Enviada em 04/06/2020

Segundo o sociólogo Zygmunt Bauman, “Nenhuma sociedade que esquece a arte de questionar pode esperar respostas para os problemas que a afligem”. De modo análogo, assemelhasse à necessidade de questionar e não negligenciar as ações governamentais para a redução da gravidez na adolescência. Dessa forma, torna-se incomensurável a importância de abordar as causas e efeitos gerados pela problemática, como o descaso governamental e a falta de acesso à educação sexual, e desenvolver medidas capazes de lidar com a situação.

Destarte, nota-se que a atenção dada pela sociedade é falha, pois o ato de atenuar a gravidade dos danos, como evasão escolar e a penúria devido a dificuldade de um acesso futuro ao mercado de trabalho sem formação escolar na adolescência, é frequente. Nesse sentido, relaciona-se a outra perspectiva do sociólogo Bauman, uma vez que o indivíduo da modernidade líquida age de maneira superficial em relação a vários aspectos de sua vida. Logo, isso significa que em relação ao descaso governamental não se dá a devida atenção à tal problemática, trazendo cada vez mais naturalidade ao problema.Contudo, deve-se destacar a necessidade de trazer mais notoriedade ao problema para informar população.

Ademais, de acordo com o pensador Nelson Mandela, “A educação é a arma mais poderosa que se pode usar pra mudar o mundo”. Nessa Lógica, observa-se que a falta de educação sexual cresce cada vez mais, gerando consequências como a gravidez precoce devido à falta de conhecimento de medidas protetivas, e até mesmo, devido a violência sexual, decorrente da falta de conhecimento sobre o próprio corpo humano por falta de explicações que deveriam ser ensinadas no início da adolescência. Dessa maneira, torna-se indubitavelmente importante o combate às problemáticas supramencionadas.
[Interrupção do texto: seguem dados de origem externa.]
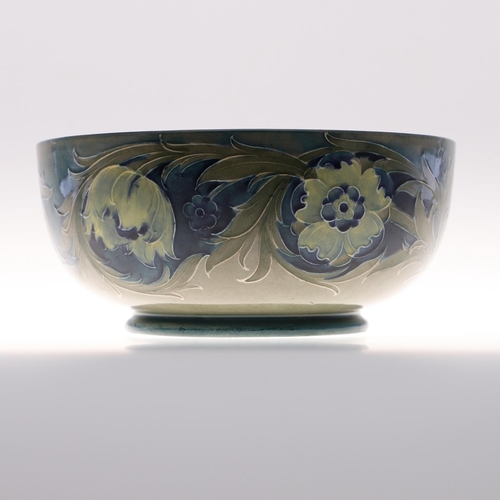 696 - ANTIQUE MOORCROFT BOWL - LATE FLORIAN. A large bowl painted with flowers and leaves on a blue and gr...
Diante de tal problemática, providências são necessárias para lidar com a situação e minimizar os danos ocorridos. Desse modo, cabe ao Ministério da Saúde, realizar, em conjunto com o Ministério da Educação (MEC), campanhas e mutirões que visem desenvolver projetos- por meio de escolas- com o intuito de conscientizar estudantes tanto em relação às formas de prevenir gravidezes precoces, como ensinar a identificar possíveis atos de violência sexual, dando assim, os conhecimentos e os benefícios da educação sexual e da participação necessária do Governo. Só então, a partir de tais atos, como usar a “arma da educação” citada por Mandela, e dos questionamentos ditos por Bauman, a situação poderá ser amenizada-ou na melhor das hipóteses- solucionada.